In connection with and incidental to the accomplishment of the purpose delineated in Article V hereof, this Corporation (a) may hold property acquired by devise, bequest, gift, grant or in any other manner, except that this Corporation shall not own or hold more real property than may be reasonably necessary for the accomplishment of its purposes; (b) may sell, exchange or mortgage any or all property held absolutely or in trust to be used, either the principal income therefrom, as may be directed in the accomplishment of the purpose of this Corporation; provided however, that the specific enumeration in this Article of certain powers is not intended to be exclusive, nor to prohibit exercise of the Trustees of any other powers reasonably necessary to the accomplishment of the purpose of the Corporation.
The Articles and By-Laws of the Corporation may be altered, amended or repealed in whole or in part by the voting members at any annual or special meeting, provided that written notice of such meeting shall be given at least 10 days prior thereto and shall contain the essence of the contemplated alteration, amendment or repeal.
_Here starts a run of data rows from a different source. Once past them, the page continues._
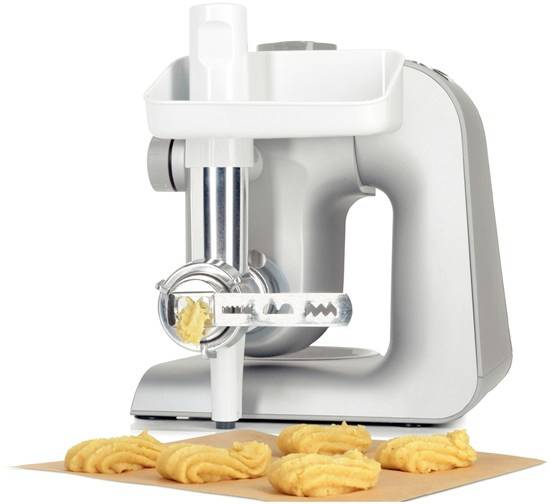 Eine silberne Küchenmaschine extrudiert Teig durch eine Spritztülle, um gezackte Kekse auf einem Backpapier zu formen.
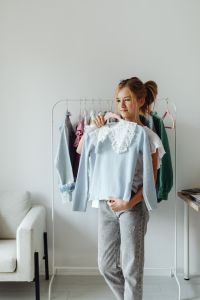 Kaboompics - Full-Length Teen Fashion Portrait with White Eyelet Top, Jeans and a Clothing Rack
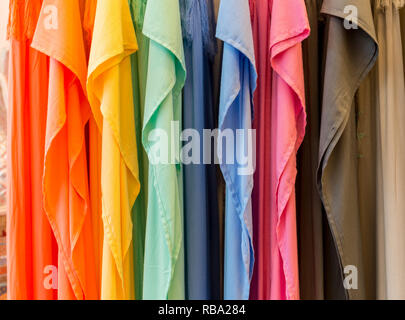 Fashion clothes on clothing rack - bright colorful closet. Close-up of rainbow color choice of trendy female wear on hangers in store closet or spring cleaning concept. Summer home wardrobe. Stock Photo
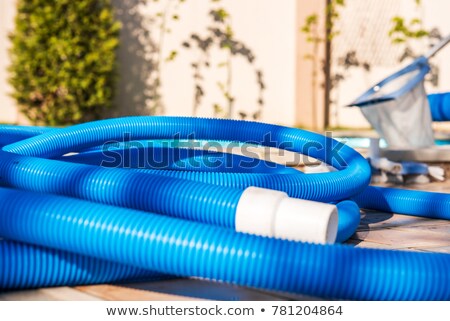 Foto stock: Pool Vacuum Cleaning Flexible Hose On The Pool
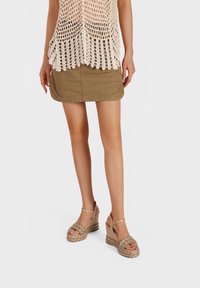 Top in crochet beige con orlo frangiato abbinato a una mini gonna khaki e sandali con zeppa color testa di moro caratterizzati da dettagli intrecciati e punta aperta.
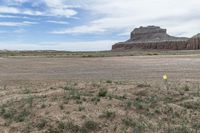 an empty field next to a big mountain with rocks in the background of the picture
In the event of the termination or liquidation of the Corporation, for any reason, after all liabilities of the Corporation have been paid, the remaining assets of the Corporation shall be turned over to Seminole State College, to be used for scientific, literary or educational purposes, as its Board of Regents (or governing body) shall in its sole discretion determine, subject to any restrictions or limitations placed upon said funds when accepted.
AMENDMENT NO. 1
(Amending Article V)
No part of the net earnings of the corporation shall inure to the benefit of, or be distributable to, its members, trustees, officers, or other private persons, except that the corporation shall be authorized and empowered to pay reasonable compensation for services rendered and to make payments and distributions in furtherance of the purposes set forth in Article V hereof. No substantial part of the activities of the Corporation shall be the carrying on of propaganda, or otherwise attempting, to influence legislation, and the corporation shall not participate in, or intervene in (including the publishing or distribution of statements) any political campaign on behalf of any candidate for public office. Notwithstanding any other provision of these articles the corporation shall not carry on any other activities not permitted to be carried on (a) by a corporation exempt from Federal Revenue Code under section 501(c) (3) of the Internal Revenue Code of 1954 (or the corresponding provision of any future United States Internal Revenue Code) or (b) by a corporation, contributions to which are deductible under section 170(c) (2) of the Internal Revenue Code of 1954 (or the corresponding provision of any future United States Internal Revenue Code).
AMENDMENT NO. 2
(Amending Article XI)
In the event SEMINOLE STATE COLLEGE is not in existence and/or is not then exempt under Section 115 of the Internal Revenue Code as a governmental instrumentality, then upon the termination or liquidation of the Corporation for any reason, after all liabilities of said Corporation have been paid, the remaining assets of the Corporation shall be turned over to any Federal, State, County or City governmental entity, for a public purpose, as the Board of Trustees shall determine.